LONDON, June 24 (Reuters) - British tyre startup ENSO
said on Monday that it has signed a letter of interest with the
U.S. Export-Import Bank to build a $500 million U.S. plant that
when fully operational should be able to make 20 million tyres
for electric vehicles annually.
The company said that by 2027 the plant should employ 600
people and produce 5 million tyres annually, adding that
potential locations for the plant include Colorado, Nevada,
Texas, and Georgia, with "other states in consideration".
ENSO said it aims to recycle all of the tyres it produces in
the United States. The company did not provide a target date for
reaching full production.
"With strong regulatory support and a significant market
opportunity, we are committed to bringing our innovative,
low-emission, low-cost tyres to American consumers," ENSO CEO
Gunnlaugur Erlendsson said in a statement.
ENSO said technology partner Rockwell Automation ( ROK ) and
venture capital funds 8090 Industries and Galway Sustainable
Capital are also providing support for the new plant.

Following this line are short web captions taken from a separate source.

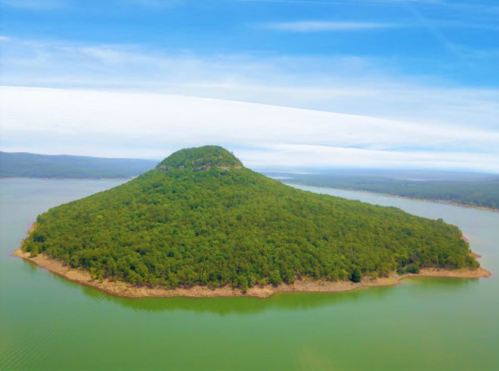 Aerial view of a lush, green island with a rounded hill, surrounded by calm blue water under a clear sky.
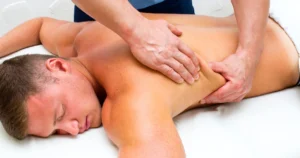 Man receiving a relaxing Sports Massage in OGDEN, UTAH, focusing on muscle recovery and tension relief.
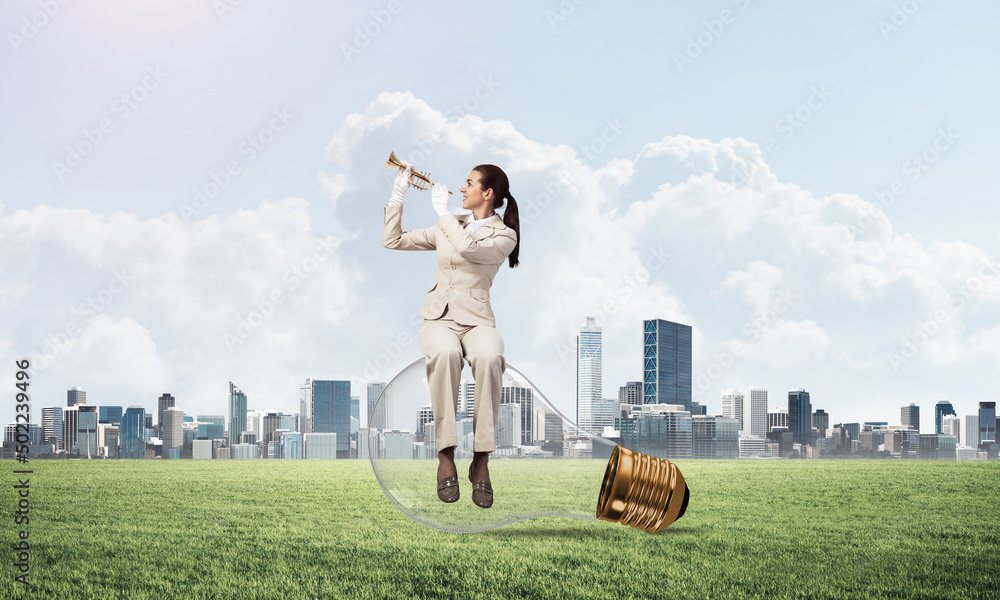 Attractive woman playing trumpet brass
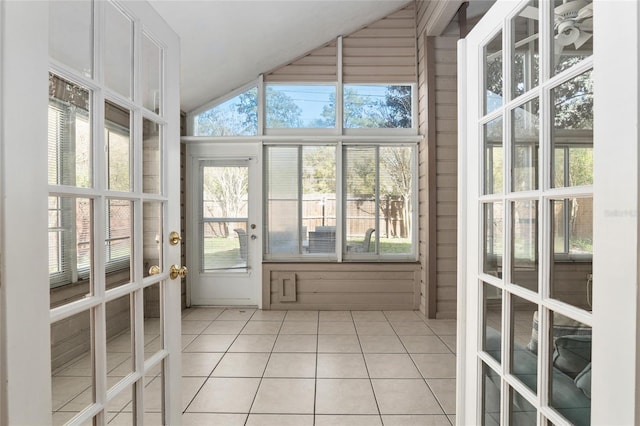 unfurnished sunroom featuring a healthy amount of sunlight and vaulted ceiling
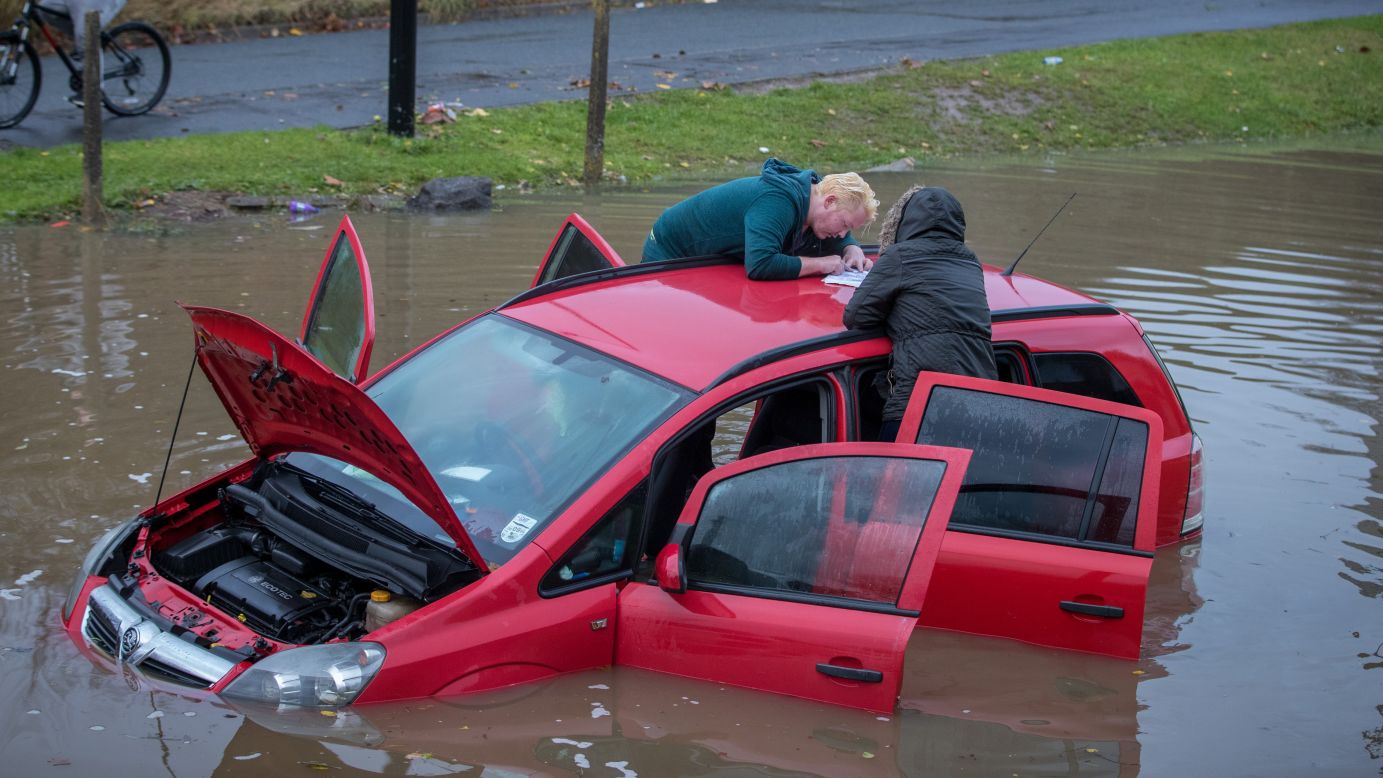People attend to a flooded car after heavy rains in Bristol, England, on Monday, November 21.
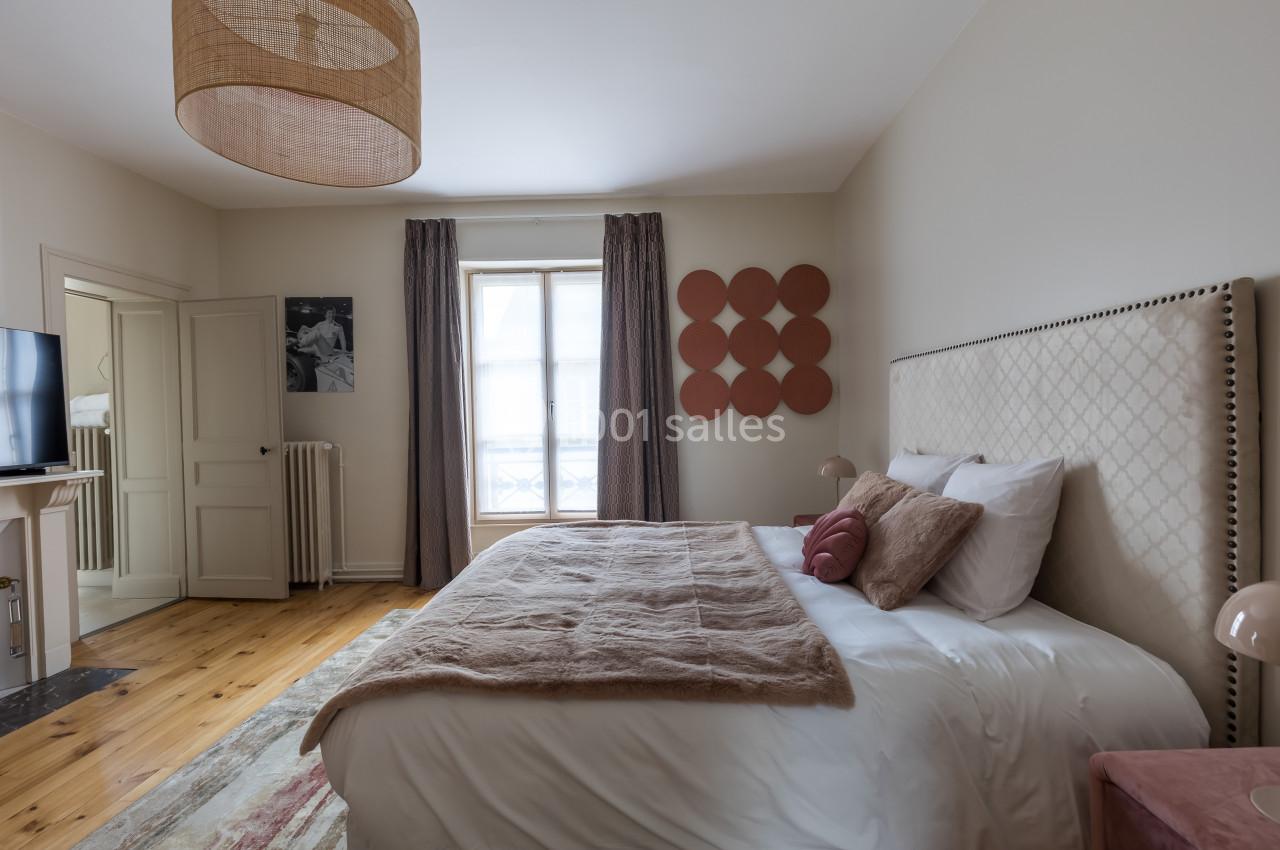 Chambre lumineuse avec un lit double, tête de lit capitonnée, décor minimaliste et fenêtre avec rideaux.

ENSO has developed tyres specifically for EVs, which can
increase their range by 10% and reduce particulate matter
emissions by 35%.
The company already sells tyres in Britain and will launch
U.S. sales this year.
When tyres make contact with the road, tiny particles are
abraded and emitted. The extra weight of EVs linked to their
batteries means they emit more particles, a problem that is
growing with the rising number of EVs on the road.
The European Union and the state of California have
announced rules designed to curb those tyre emissions.
The United States has also passed the Inflation Reduction
Act, which has minimum local production requirements for
automakers' EVs to qualify for government subsidies.